セッション記号 P (宇宙惑星科学) » P-PS 惑星科学

[P-PS09] 惑星科学

コンビーナ:仲内 悠祐(宇宙航空研究開発機構)、嵩 由芙子(会津大学)

[PPS09-P15] 月の表面を模擬した混合物組成による宇宙風化実験

*島名 亮太1佐々木 晶1廣井 孝弘2 (1.大阪大学大学院理学研究科宇宙地球科学専攻惑星物質科学グループ、2.ブラウン大学地球環境惑星科学)

キーワード:宇宙風化、反射スペクトル、月の鉱物組成

宇宙風化は、月や小惑星など大気のない岩石質天体が長期間宇宙空間にさらされることで光学的性質や表面構造が変化する作用で、主な光学的性質の変化で、反射スペクトルの赤化(傾きが大きくなる)、暗化(全体的に暗くなる)、吸収帯が弱くなる、という3つの変化が知られている。このような変化は、微小隕石の衝突や太陽風の照射などにより天体表面の鉱物にふくまれる鉄イオンが還元され、ナノ鉄微粒子が生成されることによる。天体の表面の鉱物組成や、粒径、太陽との距離など様々な要素によって宇宙風化を受ける程度が異なる。月面に多く含まれる斜長石は、鉄をほとんど含まず、単体では宇宙風化を受けにくいが、月面は宇宙風化をかなり受けていることがアポロ計画で持ち帰られた試料やリモートセンシングのデータからわかっている。そこで、本研究では、鉄を多く含み宇宙風化を受けやすいカンラン石を少量含むことで、月面が宇宙風化を受けていると考え、様々な長石にカンラン石を混合したものを試料とし、ナノ秒パルスレーザーの照射で月面の微小隕石の衝突を模擬し、宇宙風化による反射スペクトルの変化を再現し、分光器で反射スペクトル(波長250-2500nm)を計測して解析した。

その結果、レーザー照射前後を比べると、長石とカンラン石ではスペクトル変化の傾向が異なり、宇宙風化に特徴的な赤化の傾向については、長石に20wt%のカンラン石を含むことで、アポロ試料のうち、月面の高地と海で見られるスペクトル変化のタイムスケールと整合的となった。

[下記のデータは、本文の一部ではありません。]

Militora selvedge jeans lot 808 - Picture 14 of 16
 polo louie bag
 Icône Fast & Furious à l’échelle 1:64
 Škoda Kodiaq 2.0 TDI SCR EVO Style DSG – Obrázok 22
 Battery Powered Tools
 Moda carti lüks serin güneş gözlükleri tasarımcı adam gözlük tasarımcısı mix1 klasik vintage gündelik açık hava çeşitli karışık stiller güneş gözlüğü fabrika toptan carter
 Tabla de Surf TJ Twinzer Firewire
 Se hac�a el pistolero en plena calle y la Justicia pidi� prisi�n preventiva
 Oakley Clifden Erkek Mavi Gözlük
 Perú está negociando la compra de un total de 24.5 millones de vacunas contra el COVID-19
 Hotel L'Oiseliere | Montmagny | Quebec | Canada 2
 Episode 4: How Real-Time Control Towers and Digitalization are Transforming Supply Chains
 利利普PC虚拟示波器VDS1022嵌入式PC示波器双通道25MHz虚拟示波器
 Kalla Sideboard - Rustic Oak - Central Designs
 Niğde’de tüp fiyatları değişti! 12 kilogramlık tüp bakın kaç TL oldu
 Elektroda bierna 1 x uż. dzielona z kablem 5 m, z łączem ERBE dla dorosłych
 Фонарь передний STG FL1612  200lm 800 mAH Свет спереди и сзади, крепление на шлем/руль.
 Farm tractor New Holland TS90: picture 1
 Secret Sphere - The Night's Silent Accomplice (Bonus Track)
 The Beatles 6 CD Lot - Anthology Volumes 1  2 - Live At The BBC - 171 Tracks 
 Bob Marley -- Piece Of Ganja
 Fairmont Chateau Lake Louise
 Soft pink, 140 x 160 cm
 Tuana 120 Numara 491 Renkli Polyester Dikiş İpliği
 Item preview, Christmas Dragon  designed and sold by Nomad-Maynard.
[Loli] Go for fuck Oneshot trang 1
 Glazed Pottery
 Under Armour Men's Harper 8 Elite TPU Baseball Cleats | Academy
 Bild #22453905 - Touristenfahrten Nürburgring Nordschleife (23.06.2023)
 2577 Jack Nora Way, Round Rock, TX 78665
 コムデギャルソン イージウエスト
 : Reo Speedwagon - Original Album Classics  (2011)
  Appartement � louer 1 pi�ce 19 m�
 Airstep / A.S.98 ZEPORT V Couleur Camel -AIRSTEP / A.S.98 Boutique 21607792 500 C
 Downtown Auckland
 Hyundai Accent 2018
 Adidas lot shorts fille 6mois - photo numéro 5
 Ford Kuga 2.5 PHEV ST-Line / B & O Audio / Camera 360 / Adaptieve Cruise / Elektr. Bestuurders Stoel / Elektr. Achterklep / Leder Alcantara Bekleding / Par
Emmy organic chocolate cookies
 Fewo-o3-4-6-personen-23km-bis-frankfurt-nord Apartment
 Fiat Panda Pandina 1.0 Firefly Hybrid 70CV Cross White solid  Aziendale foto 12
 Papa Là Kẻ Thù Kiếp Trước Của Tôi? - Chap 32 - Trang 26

また、リモートセンシングなどのデータ解析には、位相角(観測者ー対象物ー光源)の影響を考えることが重要である。反射率のモデルであるHapkeモデルのパラメーターに位相角の要素があるように、位相角によって反射率が変わる。本研究では、レーザー照射して宇宙風化を模擬した試料と照射前の試料に対して、12種類の角度条件で分光計測した。その結果、位相角増加による赤化が見られた。この効果も、宇宙風化のシミュレーションによる赤化と同様に考慮する必要がある。